George Washington Gordon died 3 years, 9 months, 16 days after writing it.
It was written 161 years, 16 days ago.
It was a Wednesday.
November 3, 1858
My Dear Son,
I wrote to your sister Mary yesterday. I also wrote to Jack last week. Your sister seemed a good deal concerned about my letting your Uncle Ed have Betsy. I am obliged to raise some money & therefore must dispose of some property. Your uncle proposed to buy Betsy & Molly and I agreed to let him have them--But if Jack has not gone, and your sisters would prefer to sell Sarah and her children & can find a purchaser right off, I will try & get off from the trade or will buy Betsy back again. I disliked to let her go very much but I knew it would be a good place for her, for your uncle is a good master. Or if your sisters can & will spare anyone else better, why, do so. But some of them will have to be parted with--And very soon.
I hope you all duly appreciate the importance of the necessity of our being industrious & energetic & curtailing all unnecessary expenses and being economical. If we will all do this--we can yet do well.
I hope, my son, that none of my children will indulge in any of the fashionable vices or dissipations with which you are surrounded. Remember there is but one road to honor and greatness and that is the road of virtue--and nothing can make you happy either in this life or the life to come, but a virtuous course of conduct based upon that wisdom which cometh from above. The pearl of great price is the religion of our Lord Jesus Christ. First seek the Kingdom of Heaven and all things necessary for your happiness will be added unto you. Wealth, my dear son, without an interest in a crucified Savior is but a poor semblance of happiness--Look at the boys & young men of wealth around you, see what lives many of them are leading & see to what ends they come and what misery they incase on themselves & their families. For instance, look at the McGuire boys--their father strove hard to make a fortune & did so, died & left his sons rich & every one of them became drunkards and all will probably fill drunkards’ graves. What an awful thought! Ponder well these things and determine to pursue the only wise & safe course, “To touch not, taste not, handle not.”

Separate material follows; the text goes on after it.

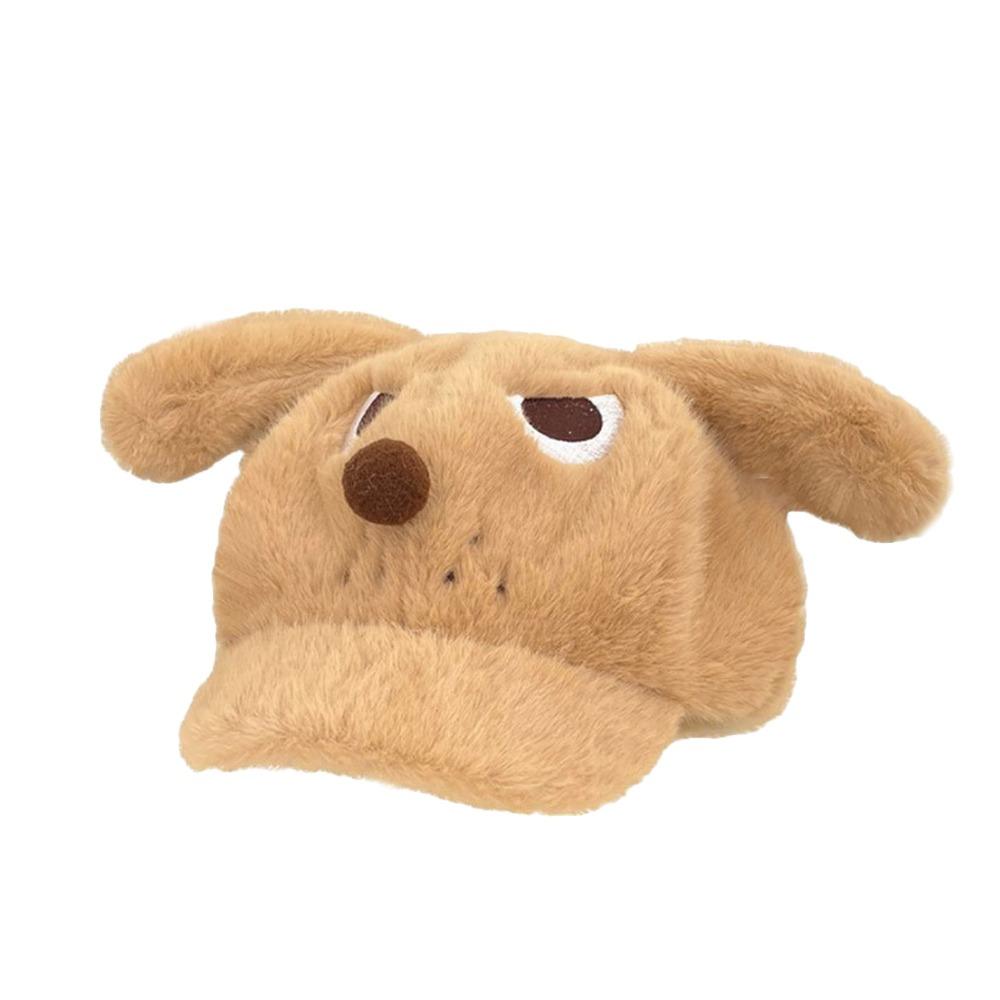 Warm Winter Berets Hat Plush Plain Cap Fashion French Artist Hat  Lady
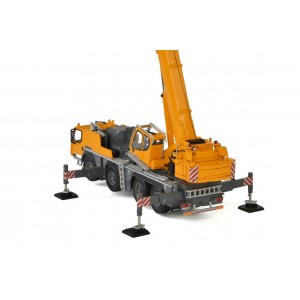Liebherr LTM1090-4.2 mobile crane / 1:50 WSImodels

I wish if you have pluck enough to weather, board only a part of the house & if can be done soon that it could be attended to. I will come as soon as I can.
We have had some sickness here & I have also been waiting to see some money that was owing me, but I have not collected it yet. I want to carry your Mother & children when I go there for it is that I would like at all events to have one room weather boarded. Tell your Uncle Tom if he has no way of grinding his cane to feed it to the hogs & some seed from the sweetest stalks. Tell him also to make the pork hogs as fat as they can be made. I can’t send you the money you wish until I collect & it may be I will bring it. Write me immediately & give all the news. Your Mother joins me in love to all. Grandma Chicky, etc.